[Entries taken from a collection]

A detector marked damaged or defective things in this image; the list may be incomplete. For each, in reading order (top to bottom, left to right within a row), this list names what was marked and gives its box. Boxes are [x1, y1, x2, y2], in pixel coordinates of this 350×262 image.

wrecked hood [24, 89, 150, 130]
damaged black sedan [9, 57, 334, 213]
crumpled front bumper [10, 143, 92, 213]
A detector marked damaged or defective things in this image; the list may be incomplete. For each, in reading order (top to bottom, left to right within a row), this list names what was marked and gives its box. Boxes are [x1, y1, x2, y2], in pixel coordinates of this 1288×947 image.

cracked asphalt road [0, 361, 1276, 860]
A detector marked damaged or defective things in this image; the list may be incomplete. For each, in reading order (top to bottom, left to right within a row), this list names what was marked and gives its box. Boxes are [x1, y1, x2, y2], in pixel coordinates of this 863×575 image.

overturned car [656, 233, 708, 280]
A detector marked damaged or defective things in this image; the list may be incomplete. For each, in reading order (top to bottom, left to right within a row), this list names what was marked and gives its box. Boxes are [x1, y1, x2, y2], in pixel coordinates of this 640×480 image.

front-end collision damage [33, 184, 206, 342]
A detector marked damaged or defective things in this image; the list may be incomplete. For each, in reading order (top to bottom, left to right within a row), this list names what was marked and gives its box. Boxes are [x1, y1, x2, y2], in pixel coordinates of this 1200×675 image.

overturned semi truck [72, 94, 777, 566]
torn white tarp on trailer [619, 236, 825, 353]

→ **YOUR OBJECTIVE**
Repeat each entry exactly.

→ **OUTPUT**
A detector marked damaged or defective things in this image; the list may be incomplete. For each, in reading order (top to bottom, left to right within a row), this list names what was marked and gives its box. Boxes are [x1, y1, x2, y2], in pixel coordinates of this 350×262 image.

wrecked hood [24, 89, 150, 130]
damaged black sedan [9, 57, 334, 213]
crumpled front bumper [10, 143, 92, 213]
A detector marked damaged or defective things in this image; the list may be incomplete. For each, in reading order (top to bottom, left to right within a row), this list names what was marked and gives its box. Boxes are [x1, y1, x2, y2], in pixel coordinates of this 1288×947 image.

cracked asphalt road [0, 361, 1276, 860]
A detector marked damaged or defective things in this image; the list may be incomplete. For each, in reading order (top to bottom, left to right within a row), this list names what was marked and gives its box. Boxes are [x1, y1, x2, y2], in pixel coordinates of this 863×575 image.

overturned car [656, 233, 708, 280]
A detector marked damaged or defective things in this image; the list may be incomplete. For each, in reading order (top to bottom, left to right within a row), this list names what was marked and gives its box. Boxes are [x1, y1, x2, y2], in pixel coordinates of this 640×480 image.

front-end collision damage [33, 184, 206, 342]
A detector marked damaged or defective things in this image; the list may be incomplete. For each, in reading order (top to bottom, left to right within a row), this list names what was marked and gives its box. Boxes are [x1, y1, x2, y2], in pixel coordinates of this 1200×675 image.

overturned semi truck [72, 94, 777, 566]
torn white tarp on trailer [619, 236, 825, 353]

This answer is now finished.